Correlation Between Bank of Utica and Southern BancShares
Can any of the company-specific risk be diversified away by investing in both Bank of Utica and Southern BancShares at the same time? Although using a correlation coefficient on its own may not help to predict future stock returns, this module helps to understand the diversifiable risk of combining Bank of Utica and Southern BancShares into the same portfolio, which is an essential part of the fundamental portfolio management process.
By analyzing existing cross correlation between Bank of Utica and Southern BancShares NC, you can compare the effects of market volatilities on Bank of Utica and Southern BancShares and check how they will diversify away market risk if combined in the same portfolio for a given time horizon. You can also utilize pair trading strategies of matching a long position in Bank of Utica with a short position of Southern BancShares. Check out your portfolio center. Please also check ongoing floating volatility patterns of Bank of Utica and Southern BancShares.
Diversification Opportunities for Bank of Utica and Southern BancShares
0.95 | Correlation Coefficient |
Almost no diversification
The 3 months correlation between Bank and Southern is 0.95. Overlapping area represents the amount of risk that can be diversified away by holding Bank of Utica and Southern BancShares NC in the same portfolio, assuming nothing else is changed. The correlation between historical prices or returns on Southern BancShares and Bank of Utica is a relative statistical measure of the degree to which these equity instruments tend to move together. The correlation coefficient measures the extent to which returns on Bank of Utica are associated (or correlated) with Southern BancShares. Values of the correlation coefficient range from -1 to +1, where. The correlation of zero (0) is possible when the price movement of Southern BancShares has no effect on the direction of Bank of Utica i.e., Bank of Utica and Southern BancShares go up and down completely randomly.
Pair Corralation between Bank of Utica and Southern BancShares
Given the investment horizon of 90 days Bank of Utica is expected to generate 1.55 times less return on investment than Southern BancShares. In addition to that, Bank of Utica is 2.11 times more volatile than Southern BancShares NC. It trades about 0.21 of its total potential returns per unit of risk. Southern BancShares NC is currently generating about 0.67 per unit of volatility. If you would invest 689,517 in Southern BancShares NC on September 21, 2024 and sell it today you would earn a total of 125,483 from holding Southern BancShares NC or generate 18.2% return on investment over 90 days.

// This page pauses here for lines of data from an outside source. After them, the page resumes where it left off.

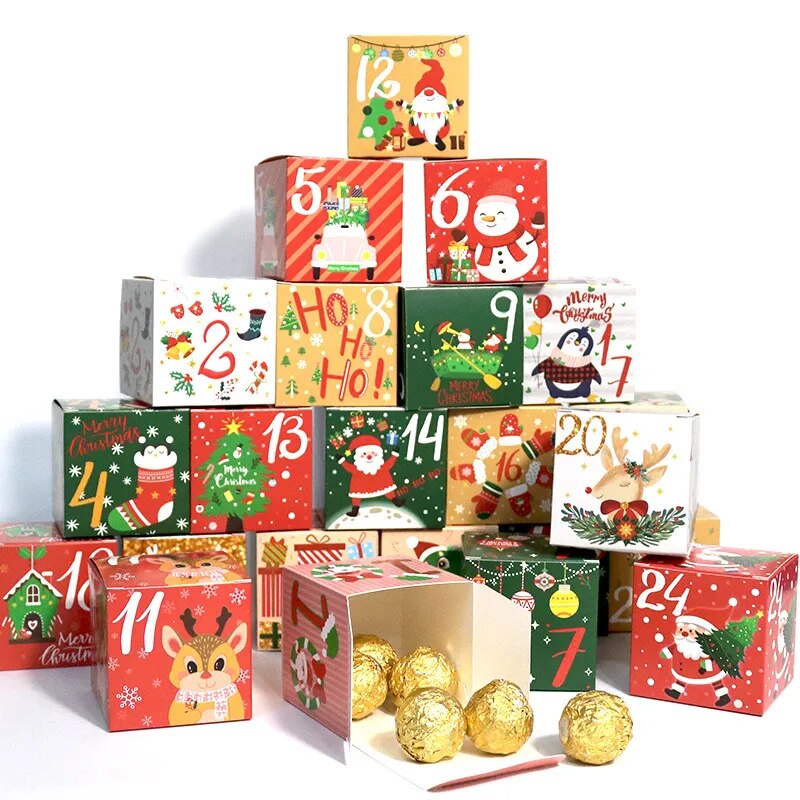 24PCS 1-24 Christmas Advent Calendar Gift Box Kids Xmas New Year Candy Cookies Wrapping Paper Box Christmas Gift Box Home Decor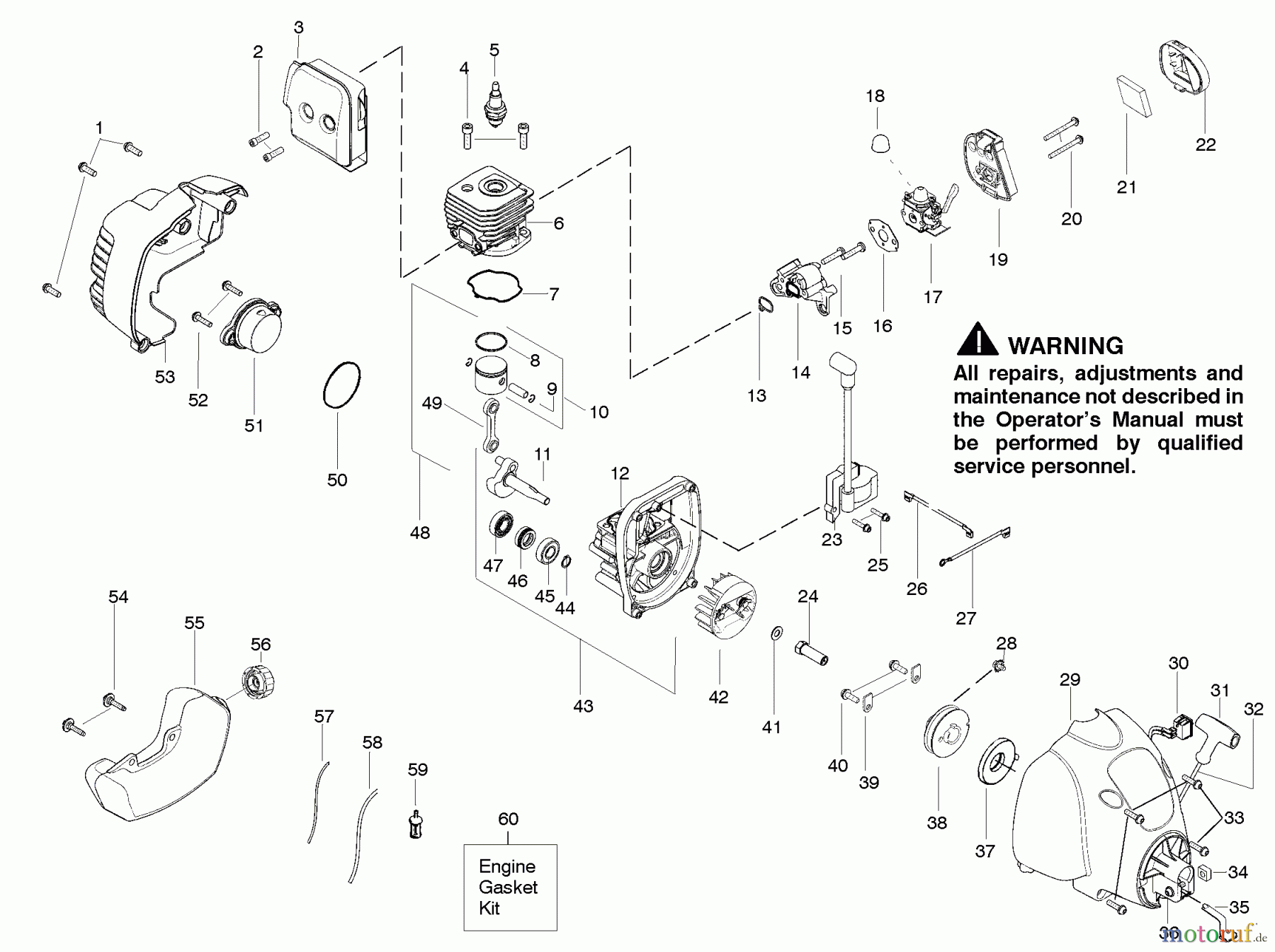 Poulan / Weed Eater Motorsensen, Trimmer P1500 - Poulan String Trimmer Engine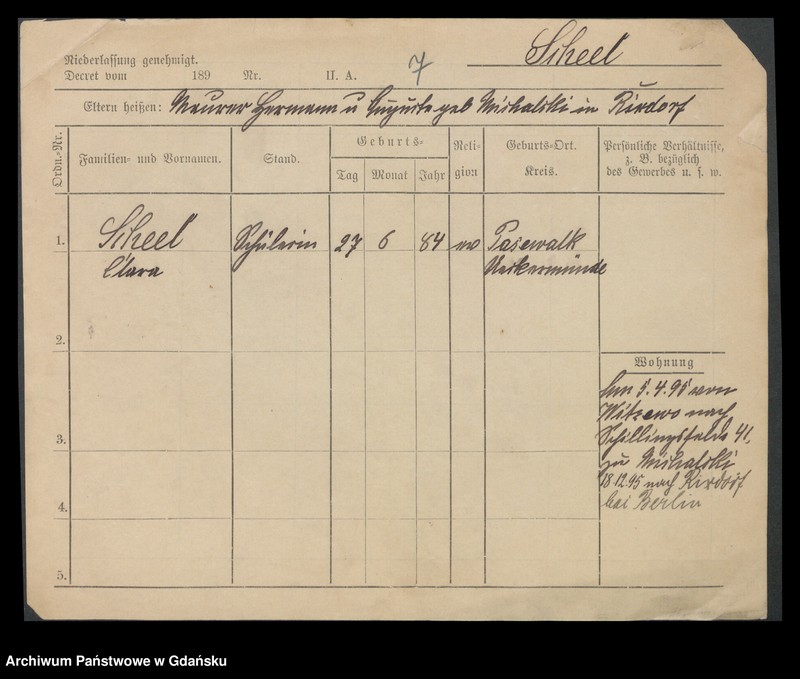 image.from.unit.number "Karty meldunkowe: Scheeffer - Scheibe"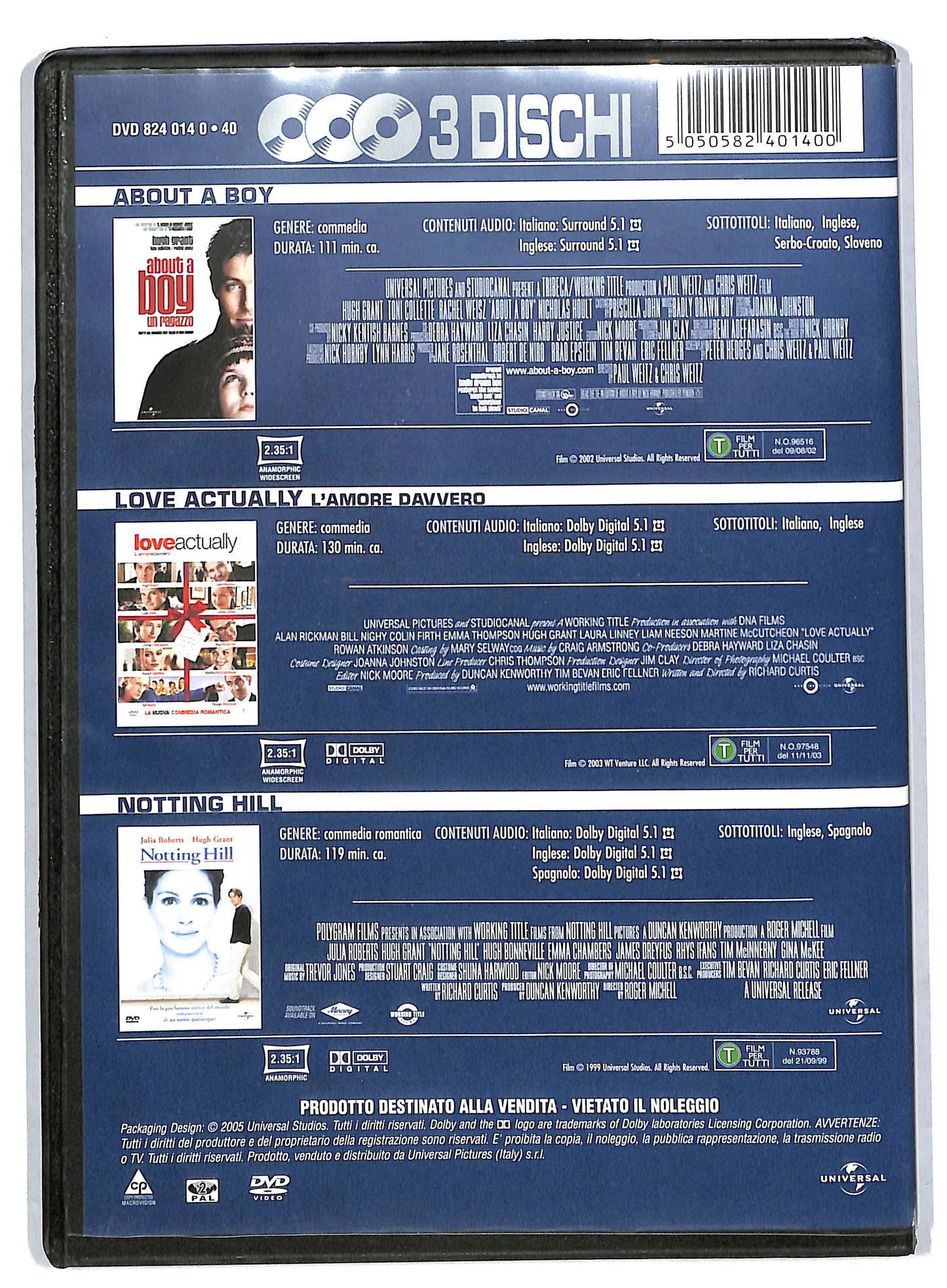 EBOND Box set 3 film - about a boy - love actually - notting hill DVD DB570150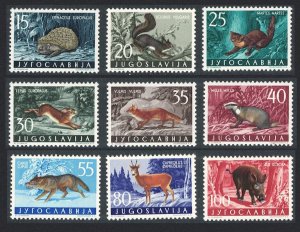 Yugoslavia Forest Mammals Hedgehog Squirrel Badger Fox Deer 9v 1960 MNH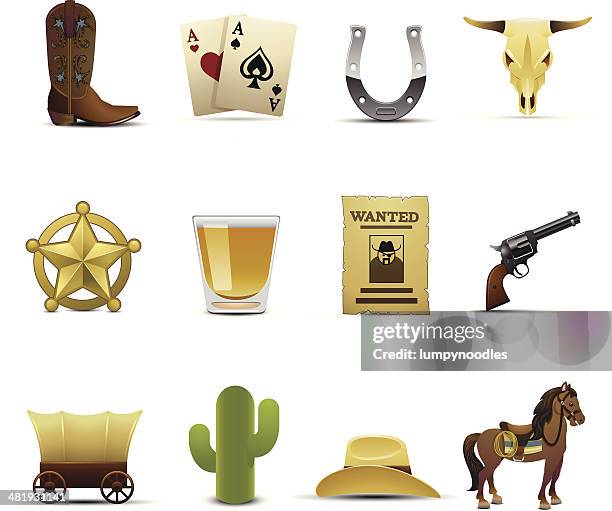 stockillustraties, clipart, cartoons en iconen met cowboy icons - country and western music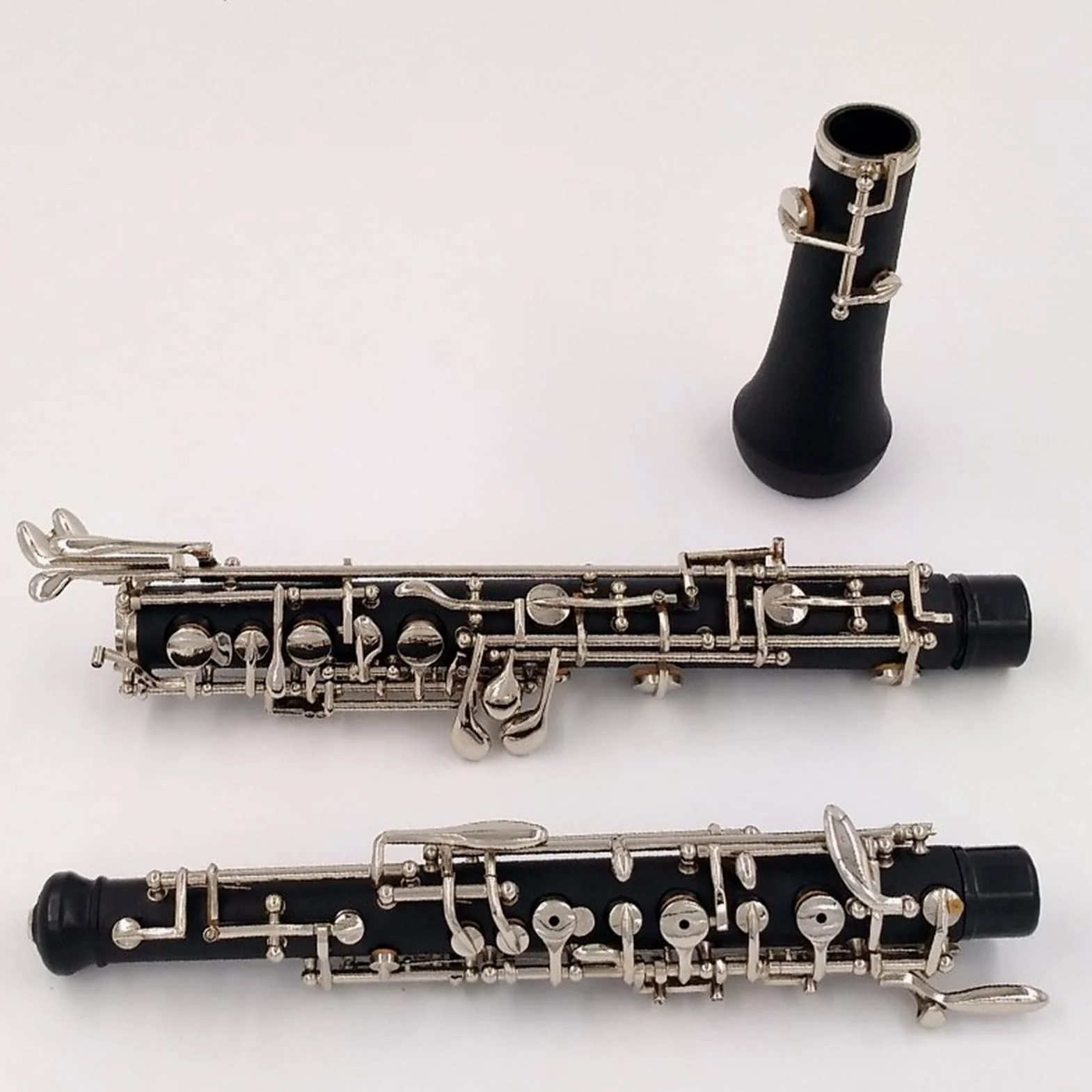 Strumento Oboe Oboe Professionale con Chiave A C Semiautomatico Stile Rame-Nichel Argento/Oro/nichelato Oboe Principiante di Oboe (Color : Nickel-Plating)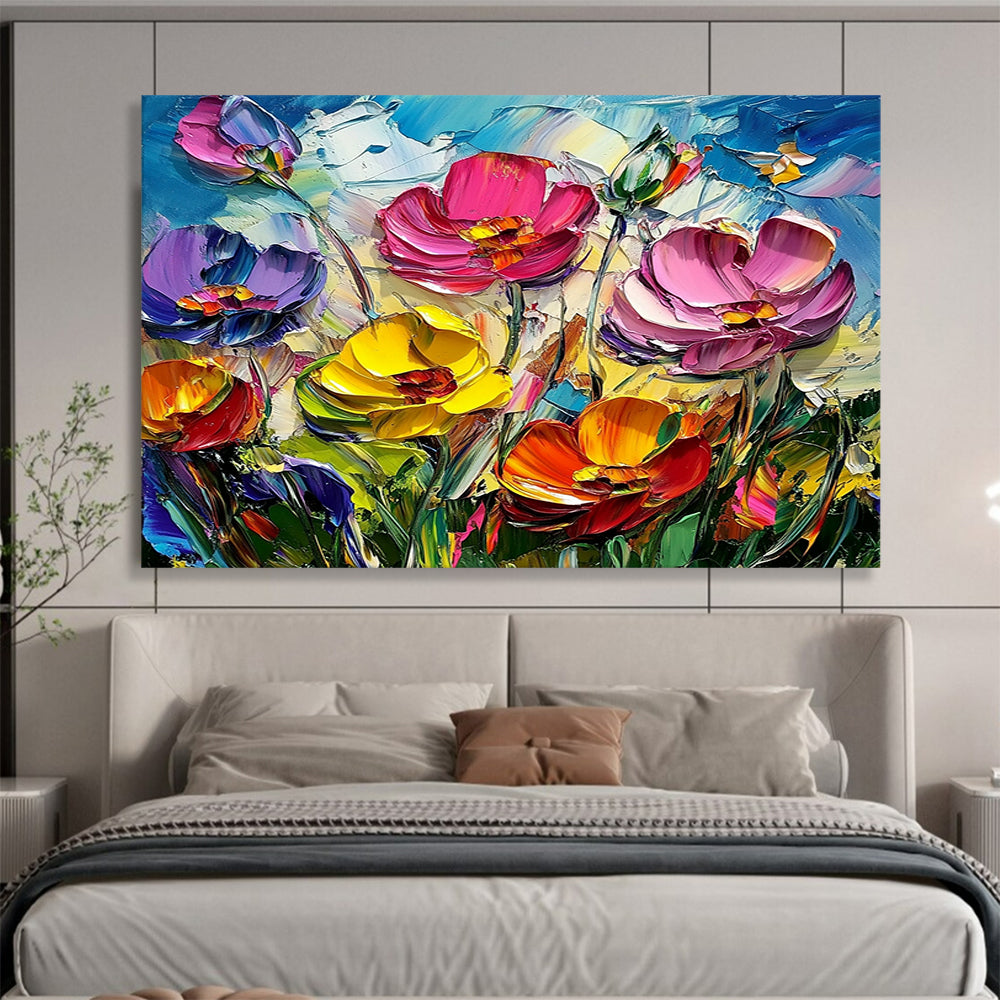 “Textured Colorful Poppy Field” - Pink, Purple, Yellow, Orange, Textured Poppy Blooms - Impasto Acrylic Painting HB1641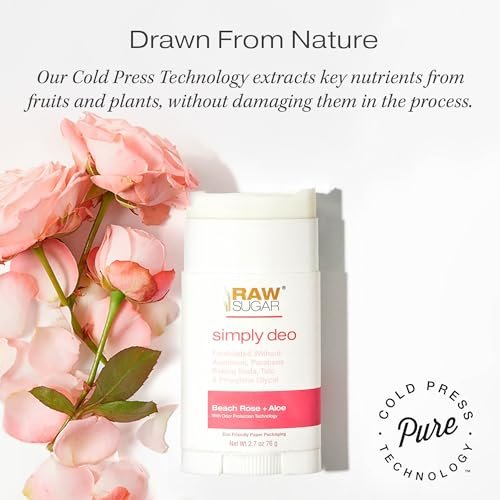 RAW SUGAR Simply Deo Bundle (Pack of 3) - Aluminum Free Deodorant Stick, Beach Rose + Aloe Scent, Whole Body Deodorant for Women & Men, Clean Formulated without Aluminum, Baking Soda, Talc & Parabens Avelisse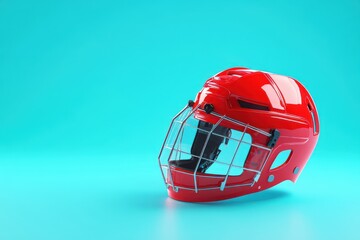 Fototapeta premium A red helmet with a mesh face guard sits on a blue background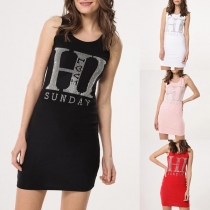 Fashion Rhinestone Spliced Letters Sleeveless Slim Fit Dress 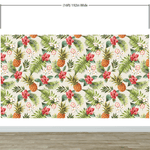 Mural de pared con ambiente tropical de piña. Papel tapiz autoadhesivo con temática hawaiana. Decoración con temática de ambiente paradisíaco. N.º 6447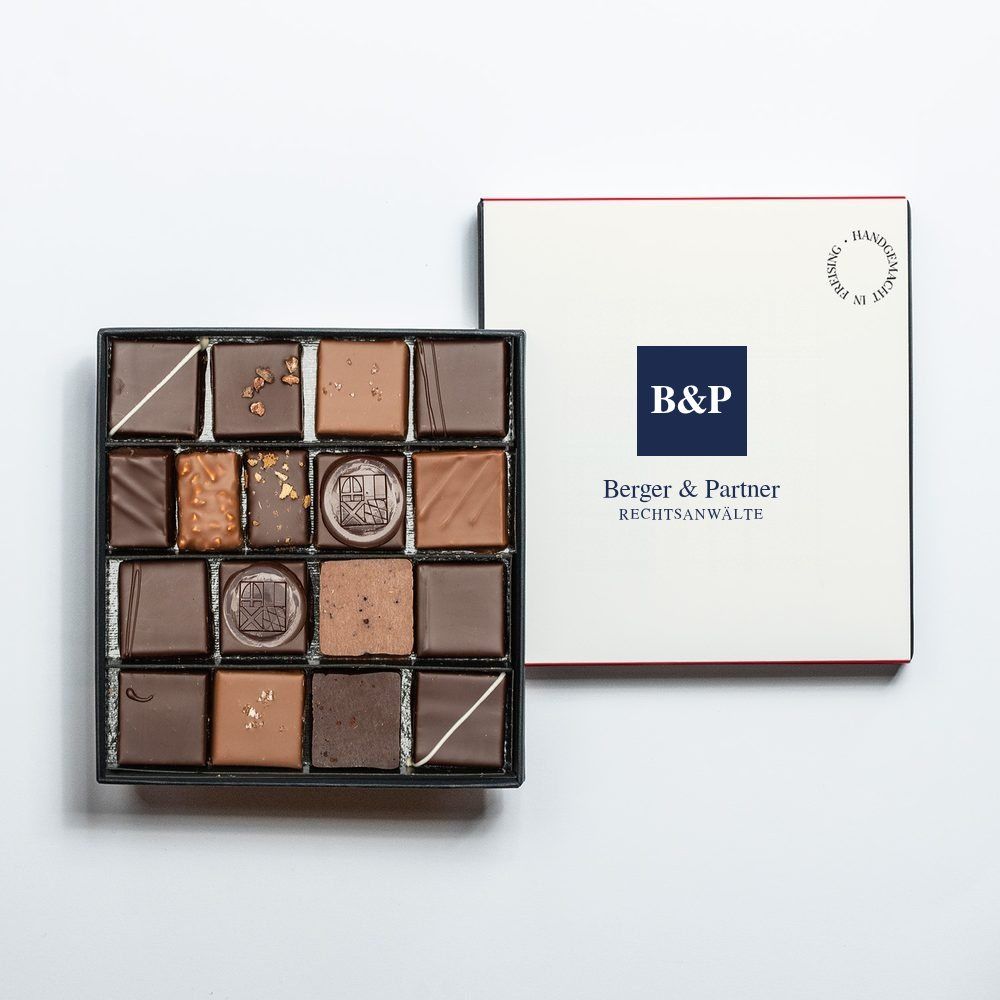Pralinenschachtel mit Banderole, Beispielmotiv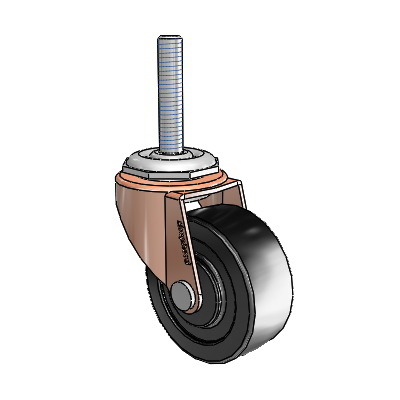 Regent Threaded Stem Copper Oxide Swivel Caster with 2 x .8125 Black Polyolefin Wheel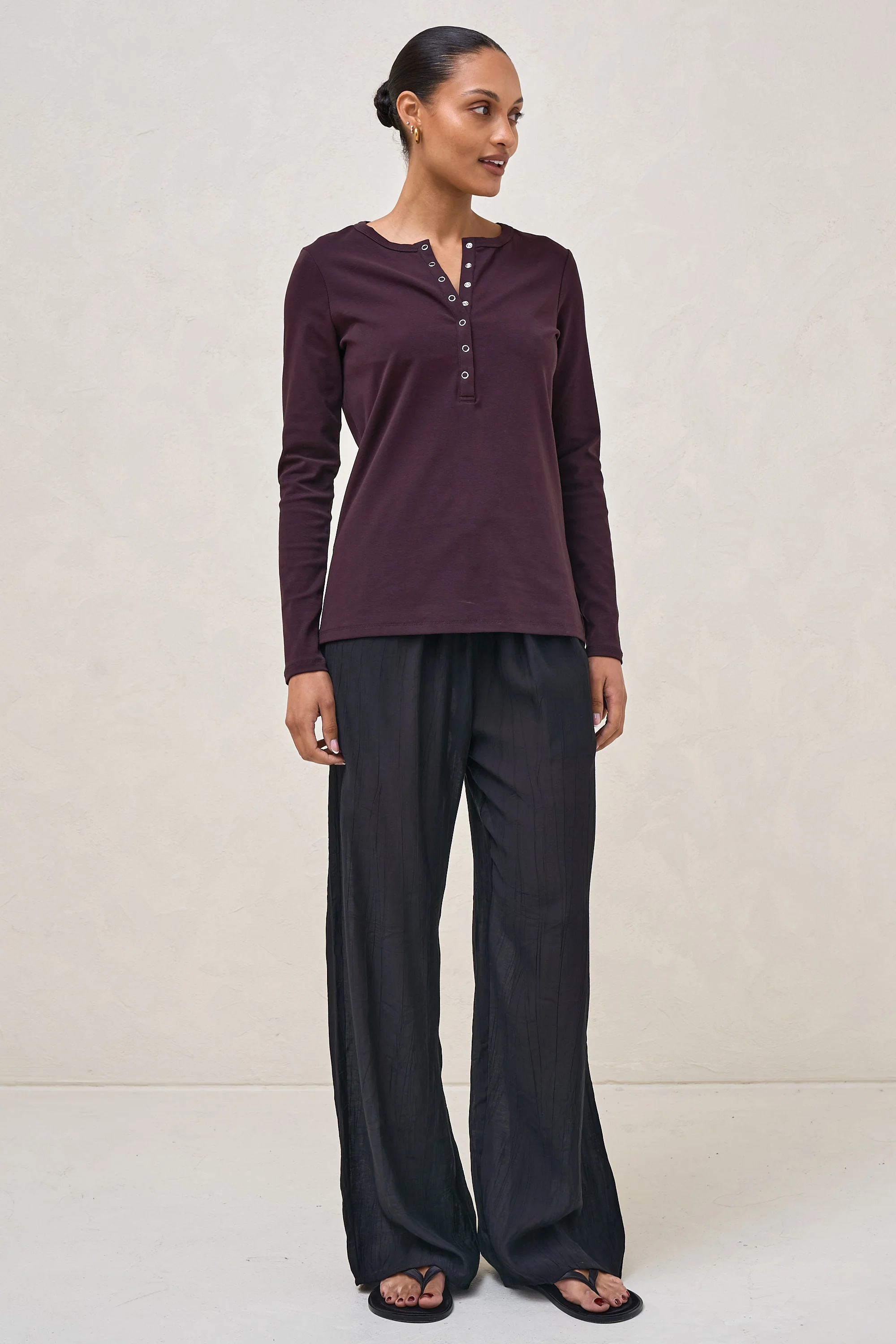 Whispers Long Sleeve Nursing Top - Deep Plum - Image 7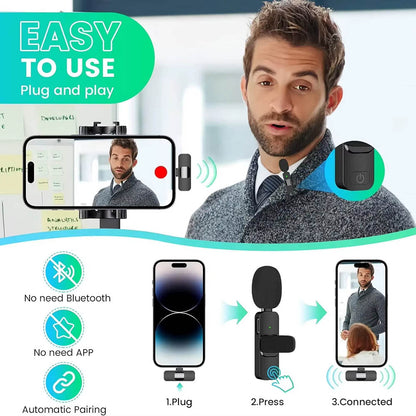 Techsuit LW2 Lavalier, USB-C, Set of 2, Black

Time Period | 3 Months [change] |
Direction | Moves Together |
Strength | Very Strong |
Accuracy | 100.0% |
Values | Daily Returns |
Bank of Utica vs. Southern BancShares NC
Performance |
Timeline |
Bank of Utica |
Southern BancShares |
Bank of Utica and Southern BancShares Volatility Contrast
Predicted Return Density |
Returns |
Pair Trading with Bank of Utica and Southern BancShares
The main advantage of trading using opposite Bank of Utica and Southern BancShares positions is that it hedges away some unsystematic risk. Because of two separate transactions, even if Bank of Utica position performs unexpectedly, Southern BancShares can make up some of the losses. Pair trading also minimizes risk from directional movements in the market. For example, if an entire industry or sector drops because of unexpected headlines, the short position in Southern BancShares will offset losses from the drop in Southern BancShares' long position.Bank of Utica vs. Morningstar Unconstrained Allocation | Bank of Utica vs. Bondbloxx ETF Trust | Bank of Utica vs. Spring Valley Acquisition | Bank of Utica vs. Bondbloxx ETF Trust |
Southern BancShares vs. HUMANA INC | Southern BancShares vs. Barloworld Ltd ADR | Southern BancShares vs. Morningstar Unconstrained Allocation | Southern BancShares vs. Thrivent High Yield |
Check out your portfolio center.Note that this page's information should be used as a complementary analysis to find the right mix of equity instruments to add to your existing portfolios or create a brand new portfolio. You can also try the Technical Analysis module to check basic technical indicators and analysis based on most latest market data.